Uno de esos días, día caluroso de primavera, vi calle abajo a mi tía con un grupo que vestía de negro. Llevaban cestas, un balón y mantas. Eran vecinos de mis abuelos y amigos de la menor de mis tías. Se les acababa de morir un hermano: el padre de Manolín, el niño de la foto que viste de negro. Lo miré con curiosidad, parecía otro niño, nunca me había fijado en él y ahora lo veía como algo único. Intenté imaginar cómo me quedaría el negro: sabía que me estaban haciendo un par de vestidos; me los habían probado a escondidas de mi madre y era ‘un gran secreto’. Siempre me ilusionaron los vestidos que mi madre me hacia: recuerdo en una ocasión -mi padre tenía una tienda- que me hizo uno del material de los sacos de azúcar, o era arroz? Adornándolo después con tiras bordadas en blanco. Nadie en el barrio tenía nada parecido. Me temo que, incluso estos vestidos negros, despertaron en mi cierto misterio e importancia. No sé hasta que punto me daba cuenta el pago que requerían.

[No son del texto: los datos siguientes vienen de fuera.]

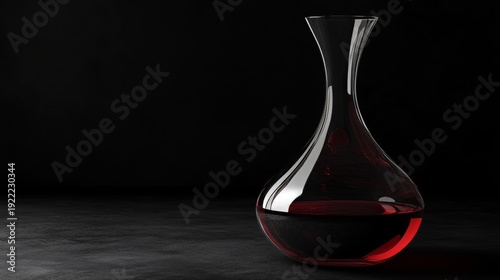 a wine decanteur on a black background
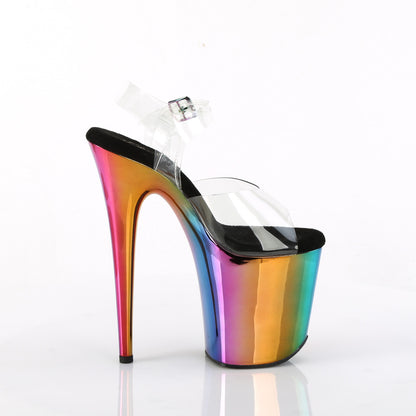 【PLEASER】FLAMINGO-808RC シューズ Clr/Rainbow Chrome【取寄】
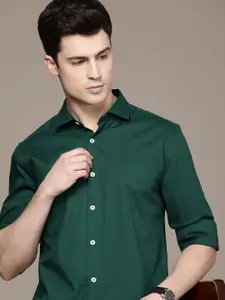 French Connection Solid Slim Fit Casual Shirt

Esa tarde, lloriqueándole a mi tía, conseguí que me llevara de merienda a las afueras de mi barrio con ellos. Pero no sin antes lavarme la cara, manos, rodillas y ponerme el abrigo para tapar los lamparones que el vestido tenía. Ahí está la foto. No recuerdo mucho más, pero a partir de aquel día Manolín y yo fuimos inseparables. Yo visitaba a mi abuela y jugábamos en La Plaza del Pato, o él se escapaba calle arriba hasta llegar a la Magdalena. Se diría que nos considerábamos ‘novios’ por afinidad y entendimiento de nuestras penas.
Cuando murió mi madre pasaba el día, y a veces la noche, en casa de mi abuela. El tabique de su cocina daba al dormitorio de Manolin: bajando al segundo piso cuando todos dormían recuerdo haber dado con los nudillos en esa pared y con frecuencia haber oído una respuesta. Mi abuela acabó instalando un catre en ese rincón de la cocina, sin saber porqué “la niña se ha encaprichado en dormir ahí.”

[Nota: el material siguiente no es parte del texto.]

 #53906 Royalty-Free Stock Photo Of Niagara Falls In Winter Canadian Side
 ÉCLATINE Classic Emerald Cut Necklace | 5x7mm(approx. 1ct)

Todo llega a su fin, y como todos los finales que no los trae la muerte, hubo un tiempo de desapego. Viernes Santo sería: estábamos sentados en el balcón, balanceando las piernas que colgaban entre los barrotes. ¿Quién pudiera recordar la conversación que nos traeríamos a los ocho años? Por aquello del ruido, nos hablábamos al oído. Al otro lado del balcón, mi hermano - unos años mayor que yo - con sus amigos. Nosotros sentados en las frescas baldosas y ellos de pie. Mi hermano, sujetándose a la barandilla y extendiendo los brazos se echó hacia atrás; mirando a Manolín le grito : ¡Eh, cuidado con lo que haces que te estoy viendo! Yo no entendí; por un momento pensé que se refería a que iba a perder los zapatos con el balanceo. Manolín algo pilló porque dejó de hablar. Se alejó de mí lo que sus piernas atrapadas le permitieron, se puso nervioso y antes de que llegará el primer paso, sin decir nada, se levantó y se fue. Mi hermano, mi gran protector en esos tiempos, quedó satisfecho…yo confundida.
Desde aquel día, cuando Manolín me veía en la calle se metía en el portal de su casa. Mis golpecitos dejaron de tener respuesta.
Concluí que el luto pasa y con él la magia, las ilusiones, el dolor…pero la aventura queda en el recuerdo y en este caso, por fortuna, en una foto.